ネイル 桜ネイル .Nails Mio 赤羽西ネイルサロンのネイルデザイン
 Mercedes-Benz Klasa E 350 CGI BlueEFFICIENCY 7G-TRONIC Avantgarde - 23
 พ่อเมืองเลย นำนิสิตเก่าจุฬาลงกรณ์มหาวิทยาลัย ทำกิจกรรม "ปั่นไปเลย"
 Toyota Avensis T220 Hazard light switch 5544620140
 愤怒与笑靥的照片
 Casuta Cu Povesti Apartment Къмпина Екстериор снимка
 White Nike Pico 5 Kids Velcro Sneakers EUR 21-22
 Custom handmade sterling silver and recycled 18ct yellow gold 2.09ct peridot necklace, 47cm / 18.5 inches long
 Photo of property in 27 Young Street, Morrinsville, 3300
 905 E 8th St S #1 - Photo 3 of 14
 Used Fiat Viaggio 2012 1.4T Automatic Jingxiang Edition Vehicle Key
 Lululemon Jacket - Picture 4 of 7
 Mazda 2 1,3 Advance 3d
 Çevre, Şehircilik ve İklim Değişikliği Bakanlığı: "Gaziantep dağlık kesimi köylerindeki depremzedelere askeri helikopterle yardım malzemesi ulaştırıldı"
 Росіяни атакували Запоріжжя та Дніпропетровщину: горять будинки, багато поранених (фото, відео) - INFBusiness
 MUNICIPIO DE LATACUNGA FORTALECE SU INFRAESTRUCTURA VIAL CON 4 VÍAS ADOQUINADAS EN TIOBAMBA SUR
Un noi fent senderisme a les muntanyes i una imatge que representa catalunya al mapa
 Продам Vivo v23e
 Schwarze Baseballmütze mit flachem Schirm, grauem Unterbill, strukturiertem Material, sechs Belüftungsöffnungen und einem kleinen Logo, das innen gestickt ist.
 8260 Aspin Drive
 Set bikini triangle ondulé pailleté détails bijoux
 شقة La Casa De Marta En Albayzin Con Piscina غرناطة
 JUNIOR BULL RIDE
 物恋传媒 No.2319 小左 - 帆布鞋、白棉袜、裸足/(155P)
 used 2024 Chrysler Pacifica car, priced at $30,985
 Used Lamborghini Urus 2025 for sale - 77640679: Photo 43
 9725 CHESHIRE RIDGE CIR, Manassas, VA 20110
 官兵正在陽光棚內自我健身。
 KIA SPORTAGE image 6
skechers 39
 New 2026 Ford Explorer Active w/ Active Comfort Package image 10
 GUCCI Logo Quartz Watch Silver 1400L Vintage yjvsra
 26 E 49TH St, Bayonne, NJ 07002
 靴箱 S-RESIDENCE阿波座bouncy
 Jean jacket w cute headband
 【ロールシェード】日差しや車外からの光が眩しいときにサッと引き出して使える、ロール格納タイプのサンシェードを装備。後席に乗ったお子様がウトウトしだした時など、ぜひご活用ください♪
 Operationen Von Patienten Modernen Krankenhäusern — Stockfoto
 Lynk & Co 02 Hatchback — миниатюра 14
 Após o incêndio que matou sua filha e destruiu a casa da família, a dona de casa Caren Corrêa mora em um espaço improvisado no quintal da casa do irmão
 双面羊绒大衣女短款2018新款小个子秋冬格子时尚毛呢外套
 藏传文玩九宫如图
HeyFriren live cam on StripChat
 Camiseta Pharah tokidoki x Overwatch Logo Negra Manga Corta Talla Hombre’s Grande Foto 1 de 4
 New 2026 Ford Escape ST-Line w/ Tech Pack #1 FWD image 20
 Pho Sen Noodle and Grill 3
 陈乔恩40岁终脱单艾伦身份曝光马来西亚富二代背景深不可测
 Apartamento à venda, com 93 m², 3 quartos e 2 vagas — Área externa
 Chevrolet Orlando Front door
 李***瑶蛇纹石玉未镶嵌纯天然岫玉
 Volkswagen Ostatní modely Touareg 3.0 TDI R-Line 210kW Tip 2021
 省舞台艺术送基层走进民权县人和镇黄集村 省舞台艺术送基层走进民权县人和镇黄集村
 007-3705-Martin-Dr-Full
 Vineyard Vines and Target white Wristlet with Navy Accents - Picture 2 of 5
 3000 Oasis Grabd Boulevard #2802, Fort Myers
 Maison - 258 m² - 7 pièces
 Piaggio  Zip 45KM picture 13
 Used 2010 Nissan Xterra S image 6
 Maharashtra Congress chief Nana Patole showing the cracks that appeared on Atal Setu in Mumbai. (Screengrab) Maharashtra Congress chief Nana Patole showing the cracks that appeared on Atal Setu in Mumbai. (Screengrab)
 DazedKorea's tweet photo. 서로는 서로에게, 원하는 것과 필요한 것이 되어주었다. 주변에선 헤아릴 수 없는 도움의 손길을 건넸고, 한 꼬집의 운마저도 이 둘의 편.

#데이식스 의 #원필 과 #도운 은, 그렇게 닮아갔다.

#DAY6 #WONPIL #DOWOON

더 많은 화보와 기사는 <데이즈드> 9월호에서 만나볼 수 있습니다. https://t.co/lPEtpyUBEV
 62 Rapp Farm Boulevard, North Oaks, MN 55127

Task brief. Your task is to write out, exactly, the line that contains "DazedKorea's tweet photo." and each line after it to the end of the data, with no other lines.

Response area.
 DazedKorea's tweet photo. 서로는 서로에게, 원하는 것과 필요한 것이 되어주었다. 주변에선 헤아릴 수 없는 도움의 손길을 건넸고, 한 꼬집의 운마저도 이 둘의 편.

#데이식스 의 #원필 과 #도운 은, 그렇게 닮아갔다.

#DAY6 #WONPIL #DOWOON

더 많은 화보와 기사는 <데이즈드> 9월호에서 만나볼 수 있습니다. https://t.co/lPEtpyUBEV
 62 Rapp Farm Boulevard, North Oaks, MN 55127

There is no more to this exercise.